This measure would establish a two-year state budget cycle (currently the cycle is one year), which would begin in 2015. It would prevent the Legislature from creating expenditures of more than $25 million unless compensating income or spending cuts are identified and would permit the governor to cut the budget if the Legislature fails to act within 45 days of a declared fiscal emergency.

According to the legislative analyst, Proposition 31 would restrict the Legislature’s ability to increase state costs or decrease state revenues. Specifically, the Legislature would have to show how bills that increase state spending or decrease state revenues in excess of $25 million in any fiscal year would be offset by spending cuts, tax increases, or a combination of both. Thus, if the Legislature wanted to pass a bill that creates a new program (or reduces a tax), and the cost of that program (or tax cut) is more than $25 million in any fiscal year, the Legislature would have to cut other programs or increase taxes to pay for the bill. The concept is generally referred to as “pay-as-you-go” budgeting.

The measure would also require a performance review of all state programs, and (the establishment) of performance goals in the state and local budgets. Publication of bills would be required three days prior to a legislative vote, and local governments would be allowed to change how laws governing a state-funded program apply to them, unless vetoed within 60 days by the Legislature or state agency.

Supported by Cruz Renoso, a former California Supreme Court Justice (ret.), Delain Eastin, a former Superintendent of Public Instruction, and the Republican Party, the arguments in favor of Prop. 31 state it would increase public input and stop the state from passing budgets without a public review and require the state government to make available the proposed state budget for public review for a minimum of three days before the legislation votes on it. It would increase funds back to local government and provide cities, counties and school districts more authority to meet local needs.
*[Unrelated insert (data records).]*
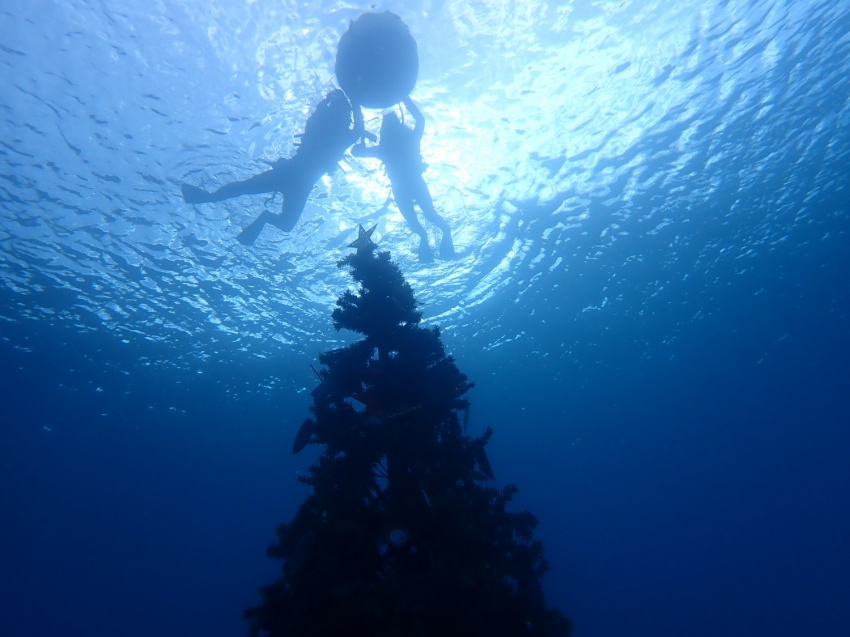 ゴリラチョップ🦍🦍🦍【沖縄マリンスポーツ専門店★水納島マーメイド】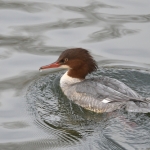 Grote zaagbek (Mergus merganser). Grote zaagbek (Mergus merganser).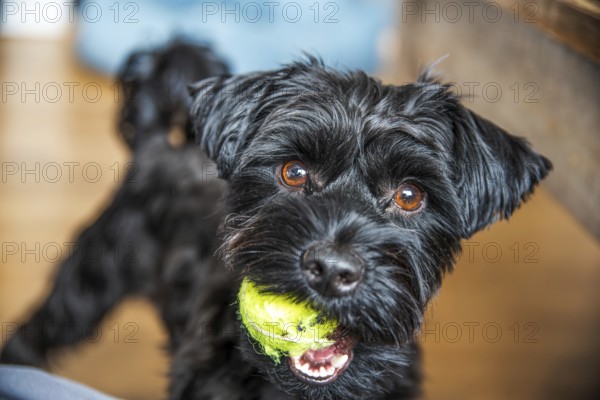 A black Yorkshire terrier dog with bright eyes holds a green ball, showcasing a curious and energetic vibe in an indoor setting, Graz, Austria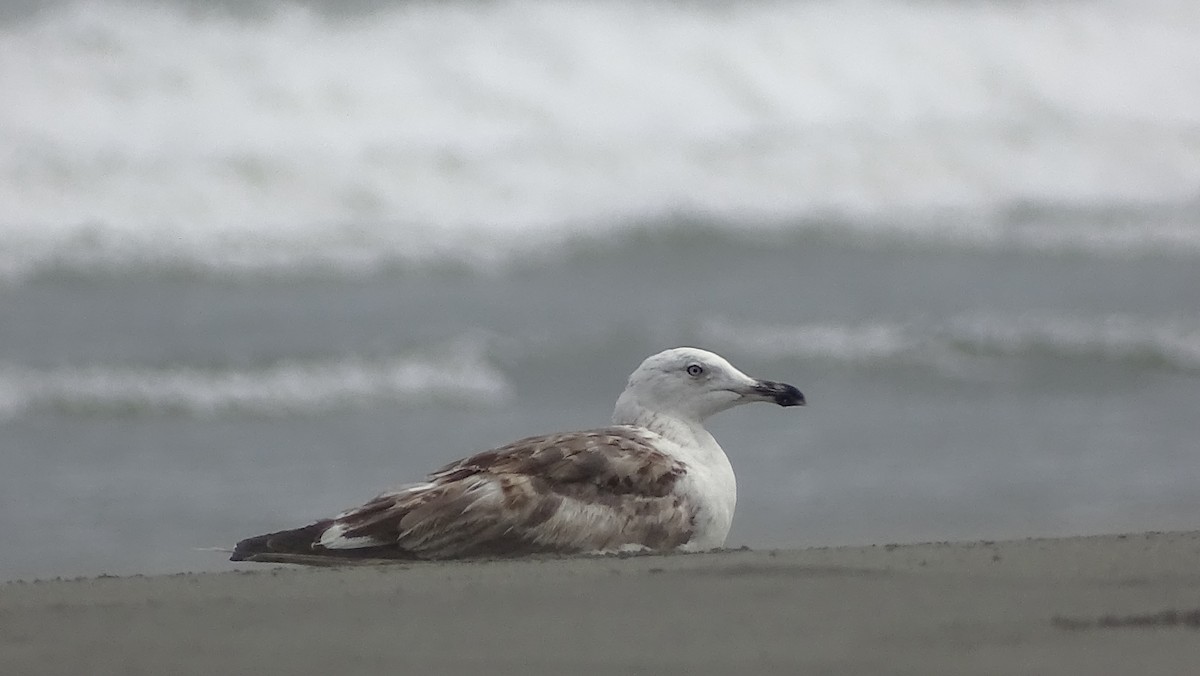 Lesser Black-backed Gull - ML405270501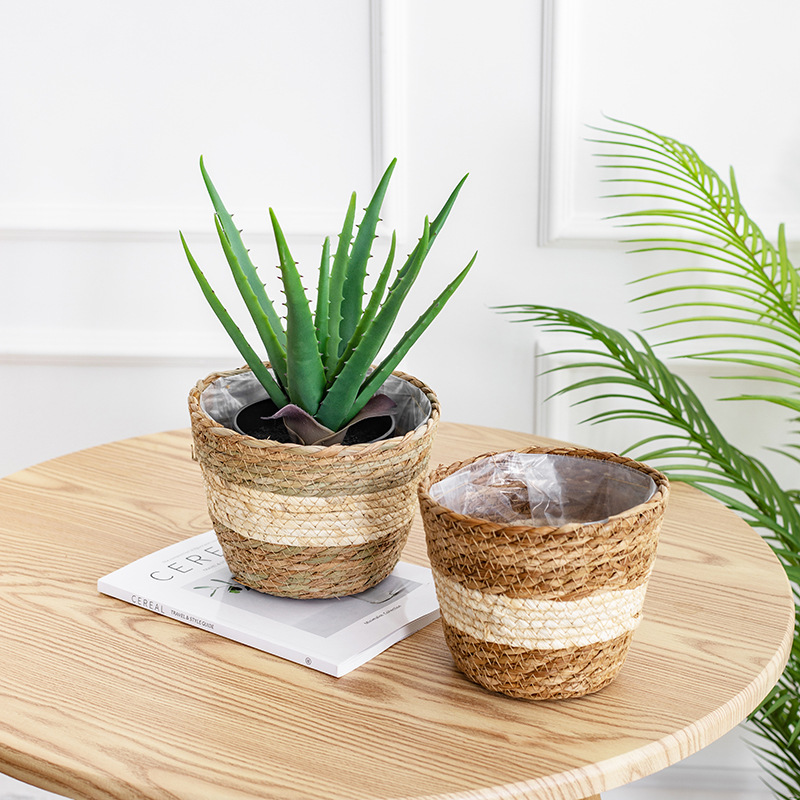 Natural Woven Flower Basket St - Aloe Vera Pot 评论和价格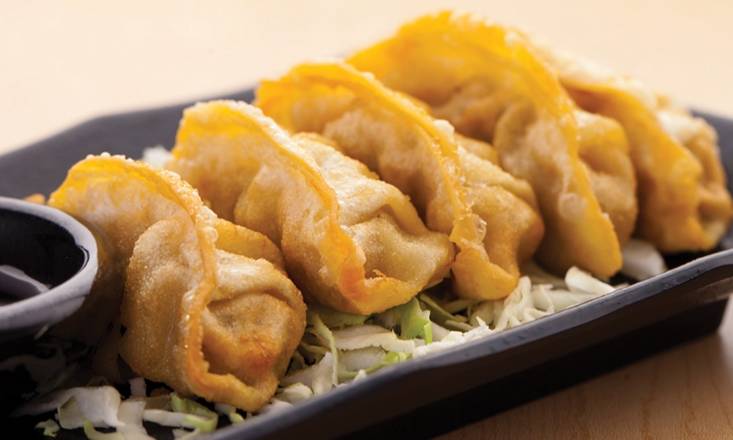 Fried Pork Gyoza Dumpling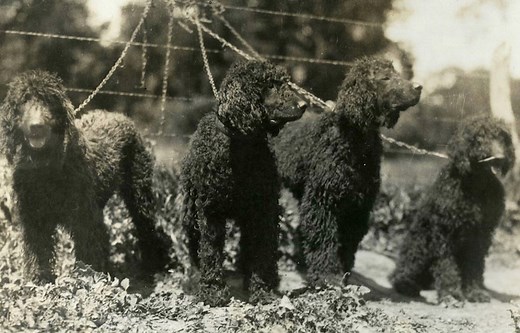 Irish Water Spaniel History: From Mysterious Origins to Beloved Sporting Breed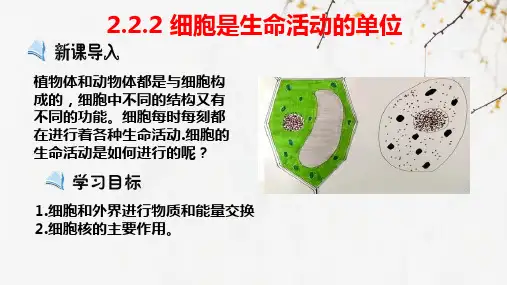 2.2.2 细胞是生命活动的基本单位(课件)七年级生物上册(北师大版2024)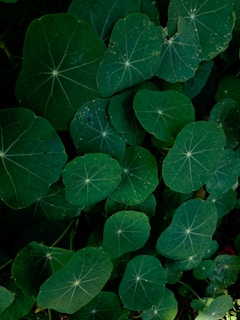 A cluster of large, round green leaves with prominent veins radiating from the center, creating a striking pattern. The leaves are layered closely together, forming a dense green foliage that gives an impression of lushness and vibrancy.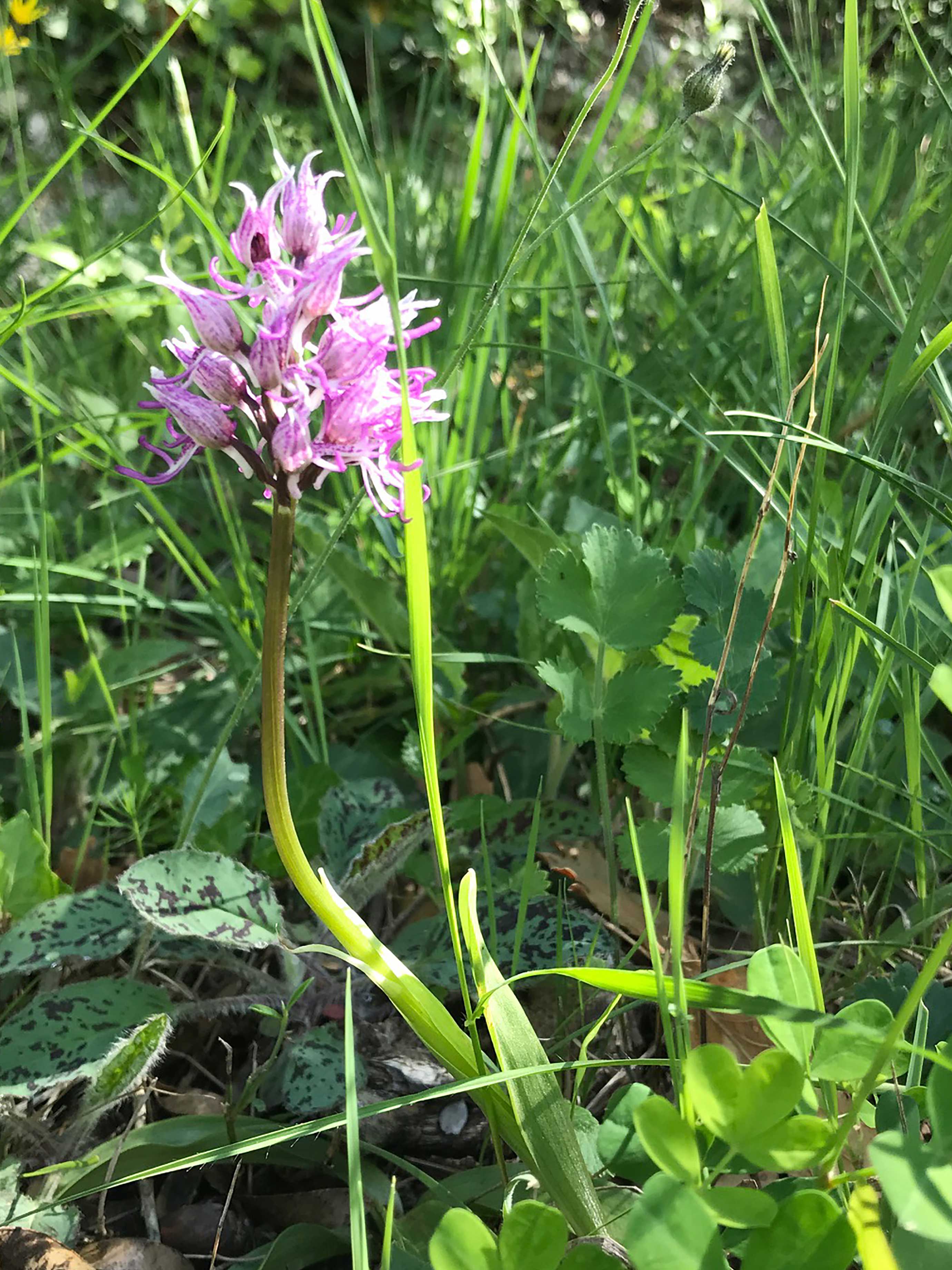 Annexe Orchidee1.jpg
According to rebuttals submitted to the legislative analyst by the opposition, this proposition would create complicated new rules and restrictions, making the government more cumbersome, expensive, slower to act, and therefore, less effective. The measure also would allow local governments to alter state laws they don’t like which could include laws concerning education, environmental protections, public health issues, and other safety measures in favor of experimental county and local programs. The main opposition to Prop. 31 comes from the California Democratic Party.